Pulmonary Infections Indian Medical PG Practice Questions and MCQs
Practice Indian Medical PG questions for Pulmonary Infections. These multiple choice questions (MCQs) cover important concepts and help you prepare for your exams.
Pulmonary Infections Indian Medical PG Question 1: Air bronchogram on chest X-ray denotes -
- A. Intrapulmonary lesion (Correct Answer)
- B. Extrapulmonary lesion
- C. Intrathoracic lesion
- D. Extrathoracic lesion
Pulmonary Infections Explanation: ***Intrapulmonary lesion***
- An **air bronchogram** indicates that the air-filled bronchi are surrounded by consolidated or fluid-filled alveoli, making the bronchi visible against the opacified lung parenchyma.

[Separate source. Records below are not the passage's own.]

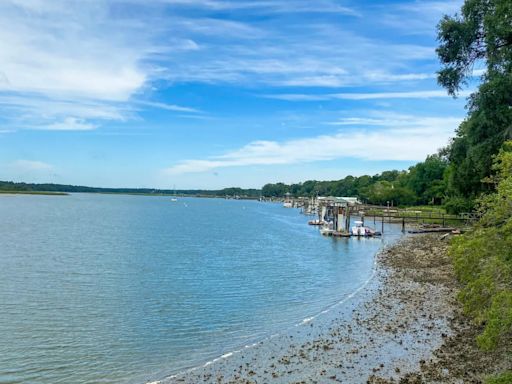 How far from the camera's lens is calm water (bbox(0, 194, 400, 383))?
18.0 metres

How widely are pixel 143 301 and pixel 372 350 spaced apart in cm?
1383

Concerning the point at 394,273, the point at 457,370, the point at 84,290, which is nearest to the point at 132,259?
the point at 84,290

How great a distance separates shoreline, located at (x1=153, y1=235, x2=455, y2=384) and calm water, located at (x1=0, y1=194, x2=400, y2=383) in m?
1.26

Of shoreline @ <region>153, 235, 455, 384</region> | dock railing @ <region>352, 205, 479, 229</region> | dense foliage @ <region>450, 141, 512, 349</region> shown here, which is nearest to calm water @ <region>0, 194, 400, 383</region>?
shoreline @ <region>153, 235, 455, 384</region>

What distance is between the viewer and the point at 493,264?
1194 centimetres

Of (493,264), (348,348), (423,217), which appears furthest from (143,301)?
(423,217)

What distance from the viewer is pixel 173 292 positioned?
29781 millimetres

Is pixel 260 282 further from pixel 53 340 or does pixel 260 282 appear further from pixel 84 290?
pixel 53 340

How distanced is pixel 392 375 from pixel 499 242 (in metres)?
5.67

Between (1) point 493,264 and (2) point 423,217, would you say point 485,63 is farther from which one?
(2) point 423,217

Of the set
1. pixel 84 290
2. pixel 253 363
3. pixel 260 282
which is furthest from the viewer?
pixel 260 282

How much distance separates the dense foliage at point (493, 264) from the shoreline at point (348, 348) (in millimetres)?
3747

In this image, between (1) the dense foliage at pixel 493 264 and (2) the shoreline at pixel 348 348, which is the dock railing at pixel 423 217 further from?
(1) the dense foliage at pixel 493 264

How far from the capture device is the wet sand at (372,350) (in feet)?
50.7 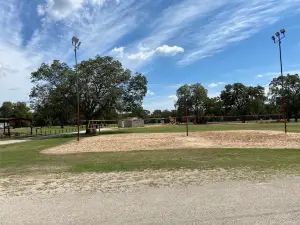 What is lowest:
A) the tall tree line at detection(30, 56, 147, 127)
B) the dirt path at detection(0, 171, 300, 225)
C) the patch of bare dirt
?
the patch of bare dirt

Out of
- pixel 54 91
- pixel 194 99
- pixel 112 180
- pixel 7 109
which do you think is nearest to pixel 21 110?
pixel 7 109

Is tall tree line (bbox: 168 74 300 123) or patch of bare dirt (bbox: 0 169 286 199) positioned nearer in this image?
patch of bare dirt (bbox: 0 169 286 199)

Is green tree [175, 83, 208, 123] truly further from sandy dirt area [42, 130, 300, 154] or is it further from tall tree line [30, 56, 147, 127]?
sandy dirt area [42, 130, 300, 154]

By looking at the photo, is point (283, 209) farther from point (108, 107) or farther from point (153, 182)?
point (108, 107)

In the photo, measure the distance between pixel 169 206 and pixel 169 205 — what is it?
6cm

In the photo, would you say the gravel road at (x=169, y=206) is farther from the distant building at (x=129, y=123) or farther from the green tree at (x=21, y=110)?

- This pattern is a strong sign of a process **within the lung tissue itself**, such as pneumonia, pulmonary edema, or malignancy.
*Extrapulmonary lesion*
- **Extrapulmonary lesions**, such as pleural effusions or masses originating from the chest wall, typically displace or compress the lung and bronchi, rather than filling the alveoli around them.
- They usually do **not produce an air bronchogram** because the air in the bronchi is not juxtaposed against diseased lung parenchyma.
*Intrathoracic lesion*
- This is a broad term that includes all lesions within the thoracic cavity, both intrapulmonary and extrapulmonary.
- While an air bronchogram is an intrathoracic finding, it specifically points to an **intrapulmonary process**, not just any intrathoracic lesion.
*Extrathoracic lesion*
- **Extrathoracic lesions** are located outside the chest cavity and would not manifest as an air bronchogram on a chest X-ray.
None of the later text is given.